Le lendemain, fiévreux comme des gens qui n’ont pas dormi, ils repartent. Ils renouent la chaîne des portages et des tourments sans fin. Devant les vieux voyageurs du Nord-Ouest, les mangeurs de porc n’osent se plaindre, crainte des quolibets ; mais, chaque jour, ils s’étonnent de l’étendue des misères qu’ils peuvent endurer. L’homme a-t-il tant de résistance ? pensent-ils. Hébétés, ils marchent dans une morne résignation, sans énergie, même pour l’impatience ; ou bien ils se ruent en avant, muets et lourds, dans une charge sans espoir. Au travers de la forêt, ils creusent leur chemin comme des sangliers.
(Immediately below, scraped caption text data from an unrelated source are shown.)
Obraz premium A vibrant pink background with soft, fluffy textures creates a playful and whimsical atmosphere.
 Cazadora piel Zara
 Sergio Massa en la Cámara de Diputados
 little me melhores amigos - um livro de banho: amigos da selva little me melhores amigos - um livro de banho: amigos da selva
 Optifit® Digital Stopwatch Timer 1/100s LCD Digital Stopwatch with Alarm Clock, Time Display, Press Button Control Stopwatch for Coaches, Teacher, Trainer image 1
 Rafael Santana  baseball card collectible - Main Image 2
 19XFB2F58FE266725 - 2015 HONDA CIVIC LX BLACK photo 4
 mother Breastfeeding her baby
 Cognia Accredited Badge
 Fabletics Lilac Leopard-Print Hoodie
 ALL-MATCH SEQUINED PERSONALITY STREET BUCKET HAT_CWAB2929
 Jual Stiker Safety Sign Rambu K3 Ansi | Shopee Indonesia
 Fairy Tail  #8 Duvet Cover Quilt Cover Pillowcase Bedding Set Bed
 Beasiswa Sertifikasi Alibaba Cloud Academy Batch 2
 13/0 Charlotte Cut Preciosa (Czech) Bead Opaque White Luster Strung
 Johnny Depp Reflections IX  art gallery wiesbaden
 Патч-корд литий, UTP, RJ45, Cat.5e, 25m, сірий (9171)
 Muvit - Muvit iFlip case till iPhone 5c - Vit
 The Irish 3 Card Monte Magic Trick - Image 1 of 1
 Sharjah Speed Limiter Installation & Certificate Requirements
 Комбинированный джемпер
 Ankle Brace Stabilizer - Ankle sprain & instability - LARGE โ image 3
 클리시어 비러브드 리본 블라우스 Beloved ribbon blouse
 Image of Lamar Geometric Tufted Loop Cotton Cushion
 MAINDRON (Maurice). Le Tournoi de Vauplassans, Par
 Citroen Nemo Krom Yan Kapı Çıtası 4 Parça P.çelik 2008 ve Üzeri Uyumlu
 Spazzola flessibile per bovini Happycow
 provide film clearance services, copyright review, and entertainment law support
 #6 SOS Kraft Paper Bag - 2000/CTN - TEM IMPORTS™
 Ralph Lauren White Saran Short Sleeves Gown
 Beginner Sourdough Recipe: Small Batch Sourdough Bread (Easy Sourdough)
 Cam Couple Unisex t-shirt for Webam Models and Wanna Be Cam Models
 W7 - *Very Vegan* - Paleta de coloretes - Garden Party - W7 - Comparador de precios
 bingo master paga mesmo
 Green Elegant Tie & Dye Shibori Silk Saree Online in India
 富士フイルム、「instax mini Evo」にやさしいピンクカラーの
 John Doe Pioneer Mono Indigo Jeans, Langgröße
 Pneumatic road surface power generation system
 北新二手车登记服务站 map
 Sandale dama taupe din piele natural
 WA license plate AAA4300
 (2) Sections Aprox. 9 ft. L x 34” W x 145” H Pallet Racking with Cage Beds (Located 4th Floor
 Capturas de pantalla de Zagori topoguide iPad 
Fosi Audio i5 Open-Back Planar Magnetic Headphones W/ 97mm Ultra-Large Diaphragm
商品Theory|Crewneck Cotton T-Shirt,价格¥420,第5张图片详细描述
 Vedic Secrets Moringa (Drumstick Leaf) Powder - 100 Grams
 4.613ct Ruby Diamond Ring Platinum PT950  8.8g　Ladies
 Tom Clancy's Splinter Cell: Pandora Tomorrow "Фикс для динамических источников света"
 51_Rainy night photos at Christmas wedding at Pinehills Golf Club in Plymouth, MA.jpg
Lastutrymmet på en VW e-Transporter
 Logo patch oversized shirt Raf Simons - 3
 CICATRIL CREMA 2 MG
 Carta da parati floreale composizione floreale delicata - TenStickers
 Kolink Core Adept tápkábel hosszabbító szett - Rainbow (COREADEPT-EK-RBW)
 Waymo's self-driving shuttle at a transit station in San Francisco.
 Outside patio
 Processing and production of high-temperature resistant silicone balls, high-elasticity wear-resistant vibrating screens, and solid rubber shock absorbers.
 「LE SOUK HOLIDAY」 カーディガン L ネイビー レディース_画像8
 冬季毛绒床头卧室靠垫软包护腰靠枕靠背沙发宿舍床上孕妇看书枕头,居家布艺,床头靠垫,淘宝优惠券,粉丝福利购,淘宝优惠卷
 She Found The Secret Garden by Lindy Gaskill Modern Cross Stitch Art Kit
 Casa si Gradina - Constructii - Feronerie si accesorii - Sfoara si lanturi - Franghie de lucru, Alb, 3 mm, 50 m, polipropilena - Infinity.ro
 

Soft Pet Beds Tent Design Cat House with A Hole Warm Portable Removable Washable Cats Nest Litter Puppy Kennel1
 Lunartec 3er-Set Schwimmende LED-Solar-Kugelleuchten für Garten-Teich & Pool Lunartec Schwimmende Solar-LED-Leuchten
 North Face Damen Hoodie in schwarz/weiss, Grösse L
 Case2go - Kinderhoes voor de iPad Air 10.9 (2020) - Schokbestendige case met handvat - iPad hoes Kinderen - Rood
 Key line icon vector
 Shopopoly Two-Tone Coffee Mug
Seul, Nicolas Montour couve son bonheur ; il est brigadier ; il a une embarcation sous ses ordres ; il commande un équipage. À l’arrière, Louison Turenne, avec son aviron de gouverne, puissant comme une tour, entendu aux réparations, capable s’il le faut de remplacer deux hommes dans les portages. Entre eux, trois milieux, gens rassis, bons travailleurs : pas de tête folle parmi eux, pas d’ivrogne. Et Montour leur inculque l’esprit de corps, l’unité, une sorte d’orgueil corporatif. Jamais son canot ne traîne à l’arrière ; il suit celui du guide et ne se laisse pas dépasser dans les portages.

Installé à son poste de premier rameur, Nicolas Montour surveille à travers l’eau les fonds d’argile, de cailloutage, de gravier ou de sable où reposent un peu partout les corps morts et les pierres dangereuses pour l’embarcation. Et son esprit travaille.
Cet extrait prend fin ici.